Hawking's weisheit: warum wir auch im digitalen zeitalter vorsichtig sein müssen
Die ironie des determinismus
Der legendäre Physiker Stephen Hawking lieferte in seinem Werk „Schwarze Löcher und junge Universen“ eine überraschende Beobachtung. Er wies darauf hin, dass selbst diejenigen, die an einen strikten Determinismus glauben – also daran, dass alles vorbestimmt ist und wir keinen Einfluss auf unser Schicksal haben – instinktiv nach rechts und links schauen, bevor sie eine Straße überqueren. Diese scheinbare Widersprüche zeigt die Diskrepanz zwischen philosophischen Überzeugungen und unserem alltäglichen Verhalten auf.

Der kampf zwischen vorherbestimmung und handeln
Hawking, als Wissenschaftler stets auf der Suche nach universellen Gesetzen, machte mit seiner Aussage deutlich, dass der Glaube an ein vollständig vorbestimmtes Leben mit der Realität in Konflikt steht. Die Vorstellung, dass das Schicksal über uns entscheidet, mag zwar befreiend sein, da sie die Verantwortung von uns nimmt, doch sie steht im krassen Gegensatz zu unserem täglichen Handeln. Denn wir treffen ständig Entscheidungen, die unser Leben beeinflussen.

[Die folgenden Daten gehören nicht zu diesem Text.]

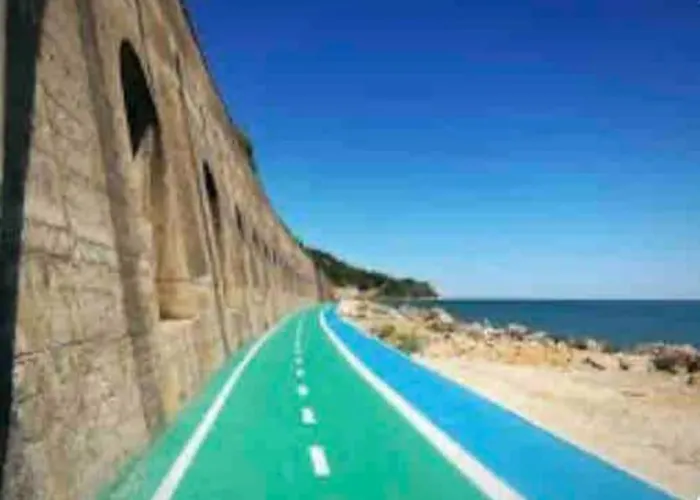 Casetta 1870 Apartamento *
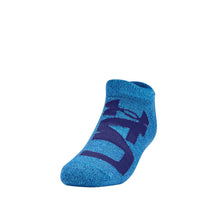 Tải hình ảnh vào trình xem Thư viện, Vớ Nữ Under Armour Essential No Show
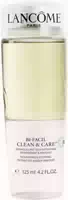 Lancôme Bi Facil Clean & Care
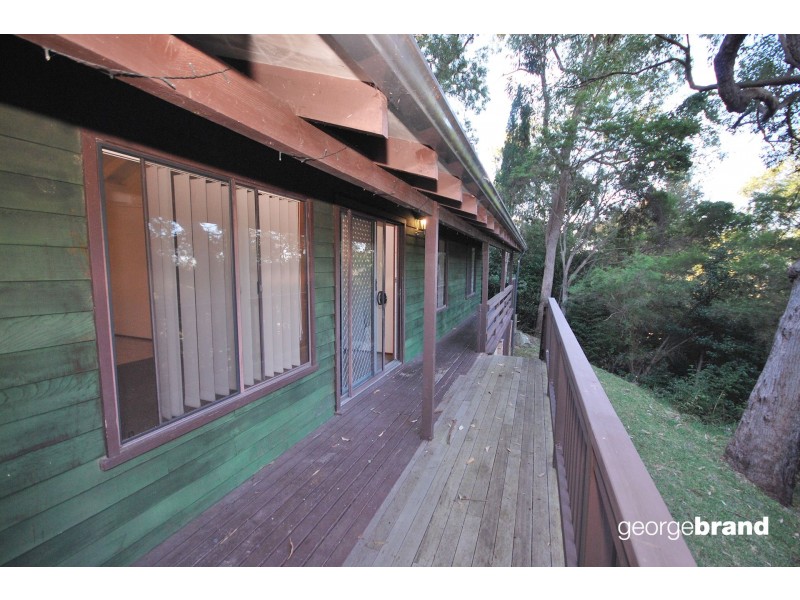 36 Timbertop Drive, Umina Beach NSW 2257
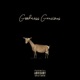 Goodness Gracious Single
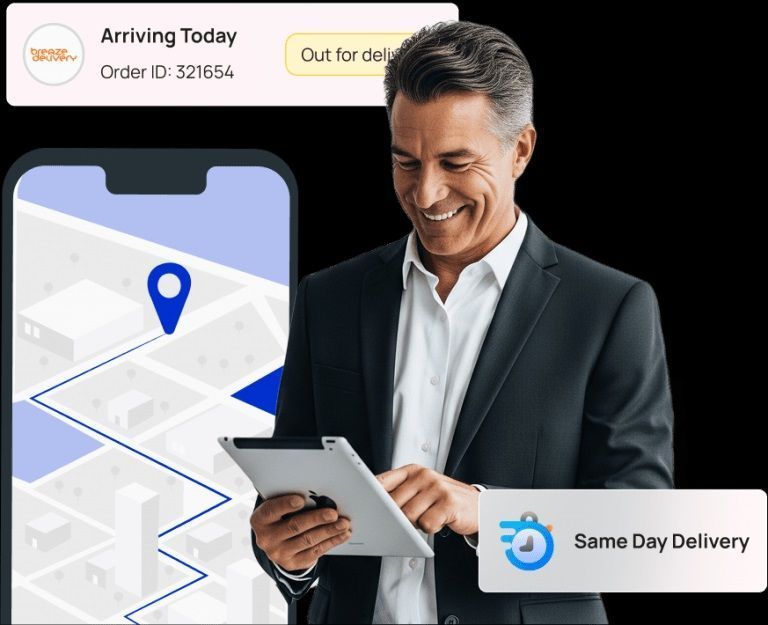 quick-delivery-courier-service-joburg-for-fast-shipping-big-0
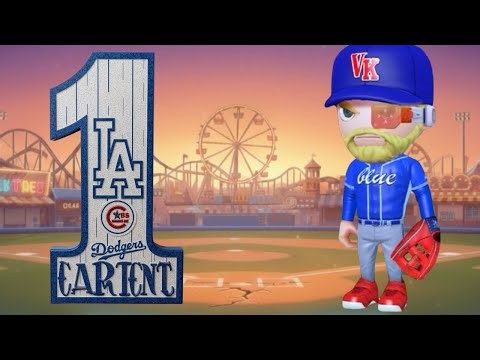 87 LIVE🔴 BASEBALL 9 GAMEPLAY VIDEOJUEGOS BEISBOL9 TRUCOS TIPS TUTORIALES PLAYBALL LIGA CAMPEON 2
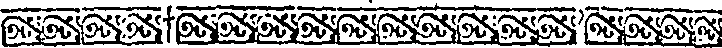 018/018850040002490_1.png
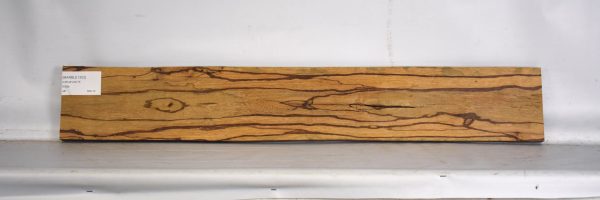 MARBLE1303_1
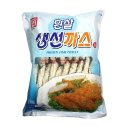 J0642 쇼핑하우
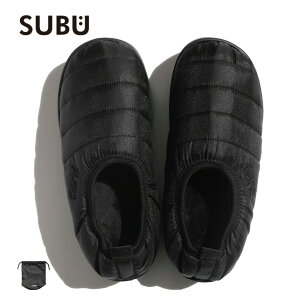 �y�ő�P29�{!!10����5��0�̂���!!�z�X�u ���� �T���_�� ���@���v �v���b�g�t�H�[�� �u���b�N ���j�Z�b�N�X �~�p ���[���V���[�Y SUBU VAMP PLATFORM BLACK Platform Sandal with HEXMAX Insole �X�^�C���A�b�v 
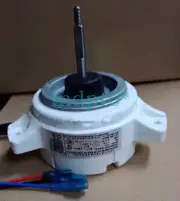 Applicable for Midea Air Conditioning Outdoor R6P24V Motor YKF-24-6-2 KF-23W-A01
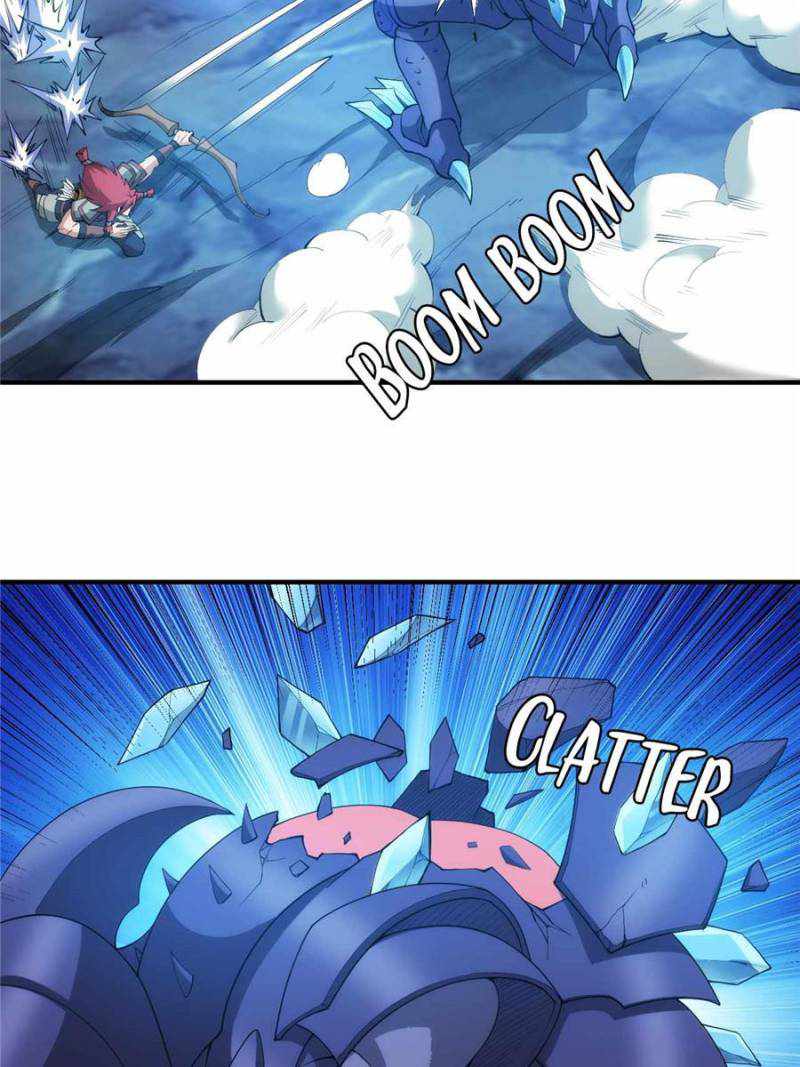 Rich Player (Billionaire Player) Chapter 248 - Page 14
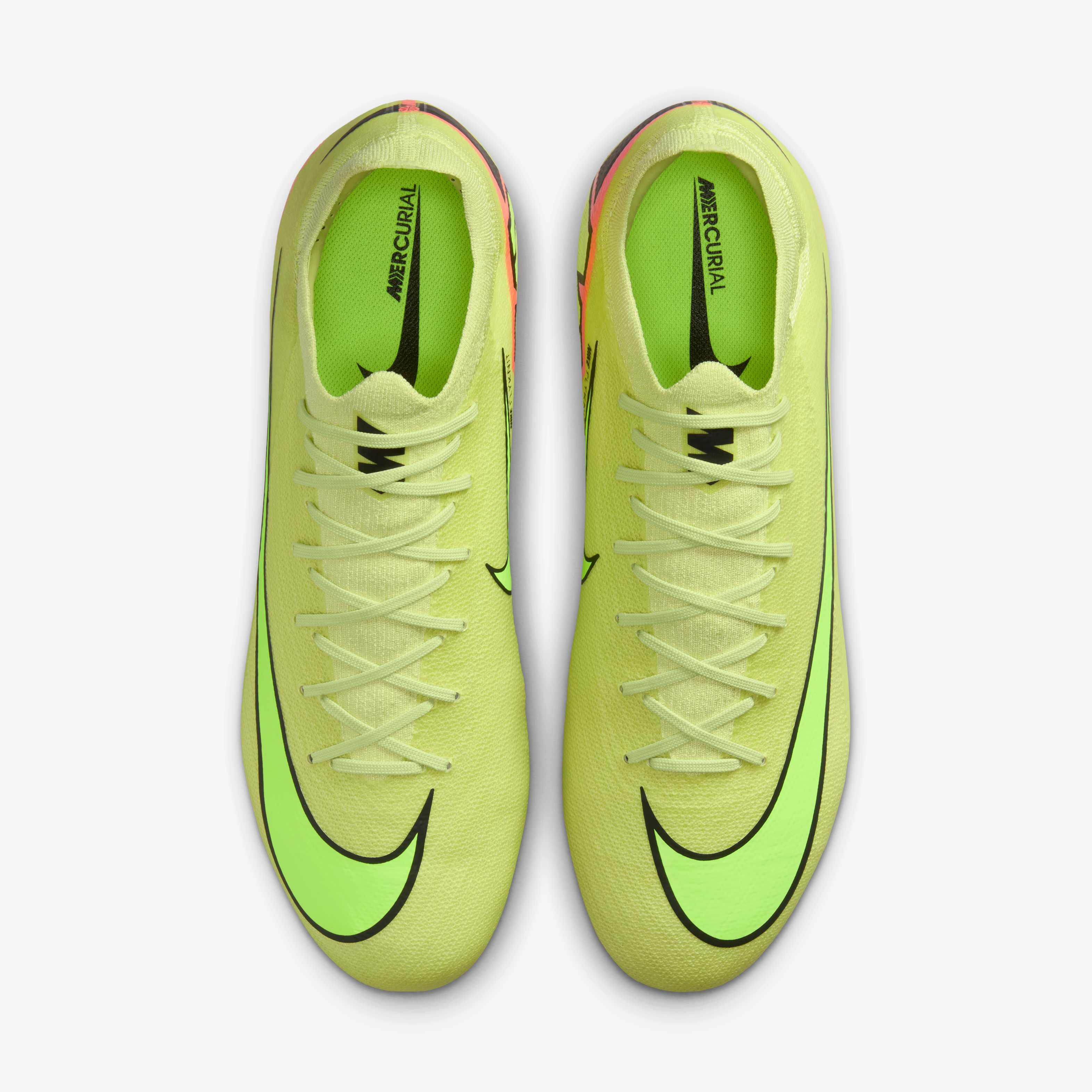 Nike Mercurial Vapor 16 Pro image number 3
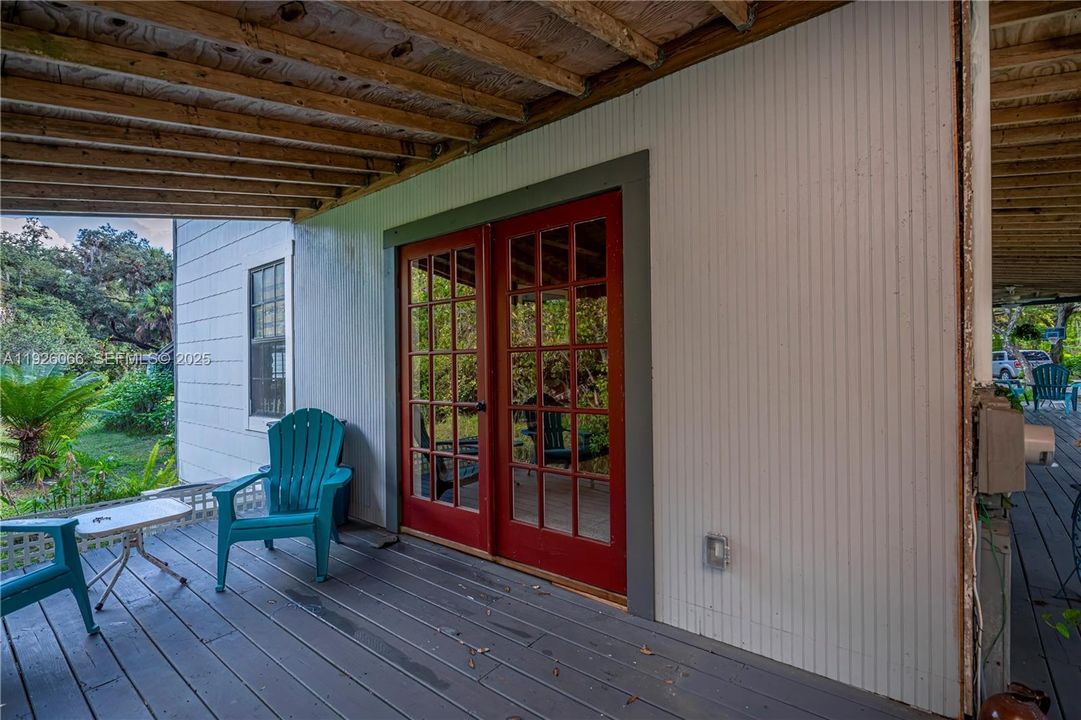 En Venta: $334,900 (3 camas, 2 baños, 0 Pies cuadrados)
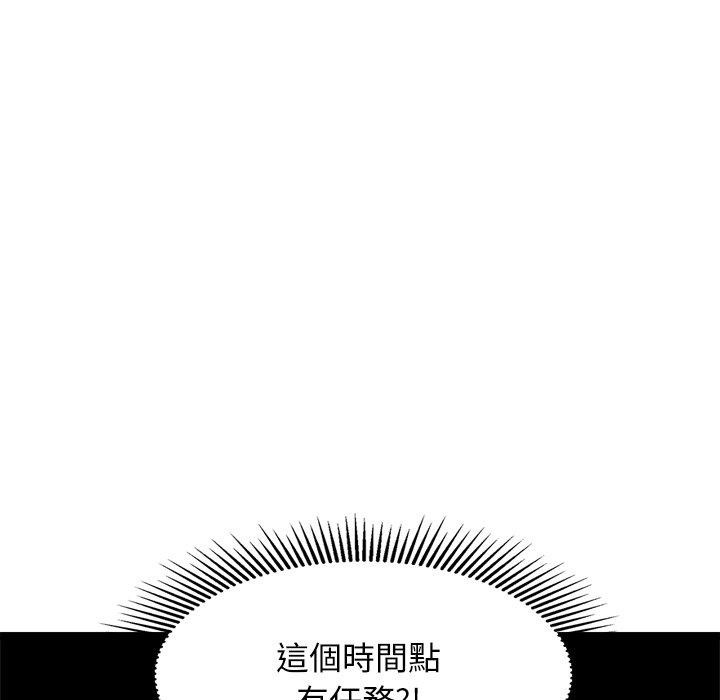 125.jpg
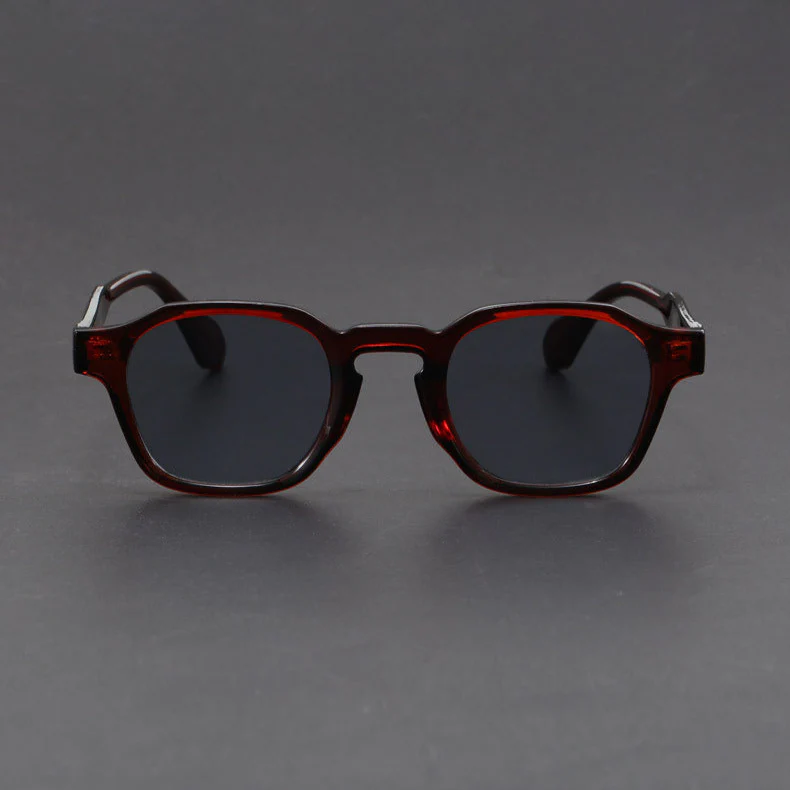 Maven Retro Shades - Image 9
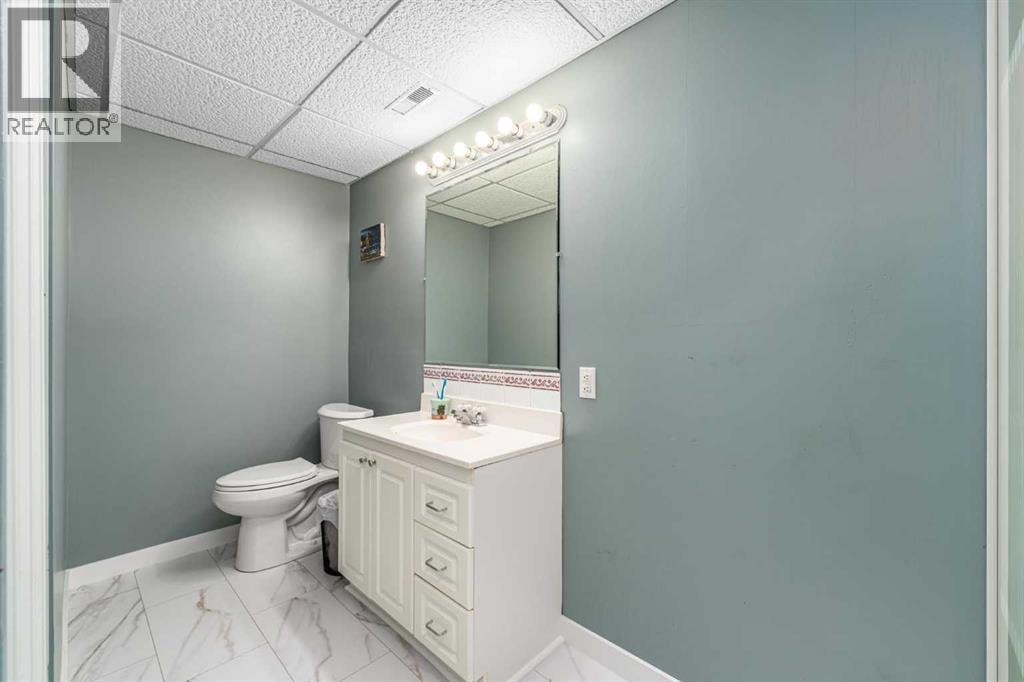 395 River Rock Circle SE — photo 21
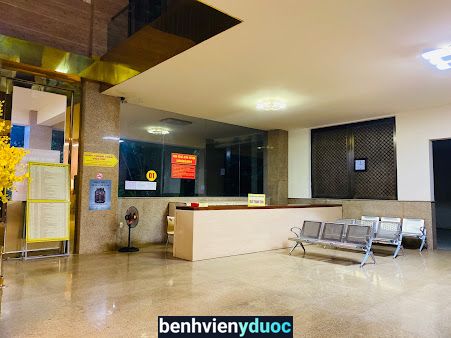 Bệnh viện Chấn Thương Chỉnh Hình - Phẫu Thuật Tạo Hình Thẩm Mỹ - Huế Phú Vang Thừa Thiên Huế
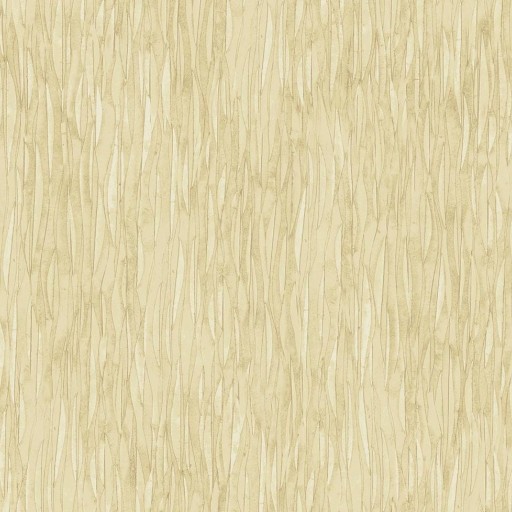 Обои KT-Exclusive FX90303 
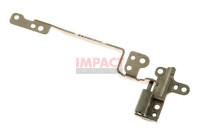 P000309590 - Right Brake Hinge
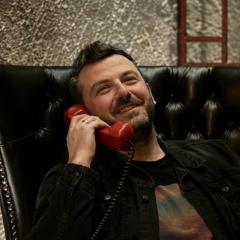 Юрий Чистов, 15.01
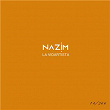 La Vidartista #74 | Nazim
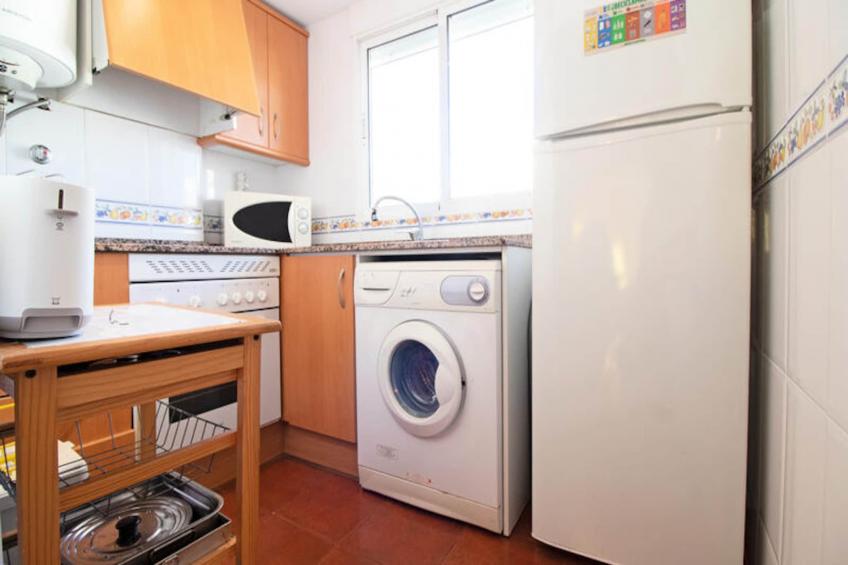 Appartements à Puerto de Sagunto - foto 11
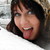 :icondestiny-abel:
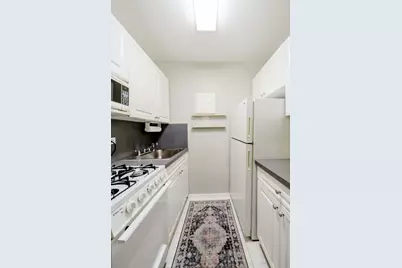 420 E 55th Street #9L, New York, NY 10022 - Photo 3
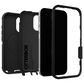 OtterBox Defender Pro MagSafe Case with Camera Control for Apple iPhone 17 in Black, , large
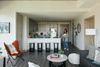 Private Room in 5Bed.3Bath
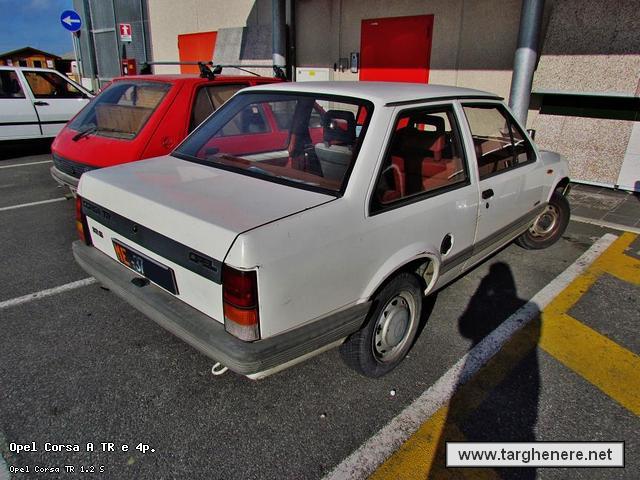 opelcorsatrsuper20720130522.jpg
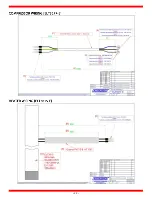 Preview for 55 page of Snap-On POLARTEK HYBRID EEAC332 Service Manual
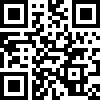 https://qudsonline.ir/xcNnQ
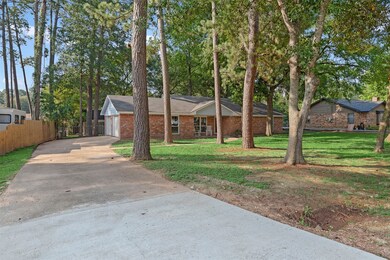 14211 Carneswood Dr, Tomball, TX 77375 - photo 3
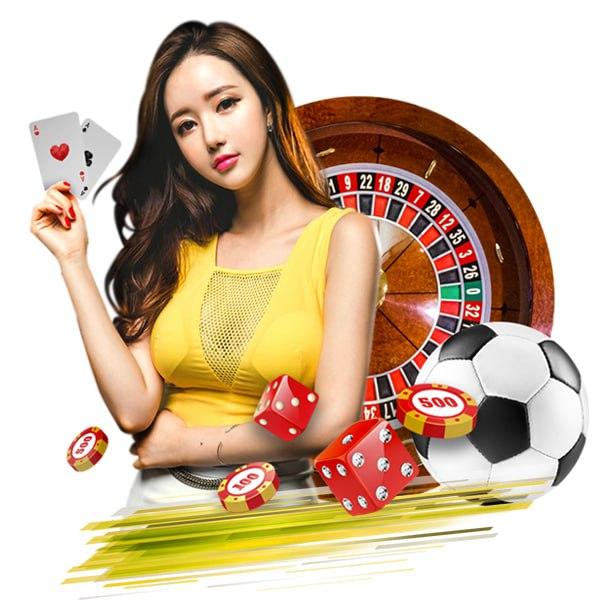 นิยมหวย 100 เว็บตรง สล็อต ฝากถอนออโต้ ไม่ผ่านเอเย่นต์ 2026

Die kleinen entscheidungen des alltags
Obwohl wir die Geschwindigkeit eines Autos oder die Dauer einer Ampel nicht kontrollieren können, entscheiden wir dennoch, wann wir die Straße überqueren. Dieser kleine Akt der Entscheidung ist ein Beispiel für die Freiheit, die wir im Alltag besitzen. Laurent Simons, der 15-jährige Physik-Prodigy, der sich mit Quantenphysik beschäftigt und nach der Unsterblichkeit sucht, verkörpert diesen Geist der aktiven Auseinandersetzung mit der Welt.

Determinismus im digitalen zeitalter
Auch im digitalen Raum scheinen Algorithmen unsere Vorlieben vorherzusagen und uns auf bestimmte Inhalte oder Produkte hinzuweisen. Es könnte sich anfühlen, als ob unser Weg im Internet bereits vorgezeichnet ist. Doch hier liegt die Autonomie: Wir haben die Möglichkeit, unsere Privatsphäre zu schützen, Informationen kritisch zu prüfen und Empfehlungen abzulehnen. Diese bewussten Entscheidungen sind unsere moderne Form des „Vorsichtig-Seins“.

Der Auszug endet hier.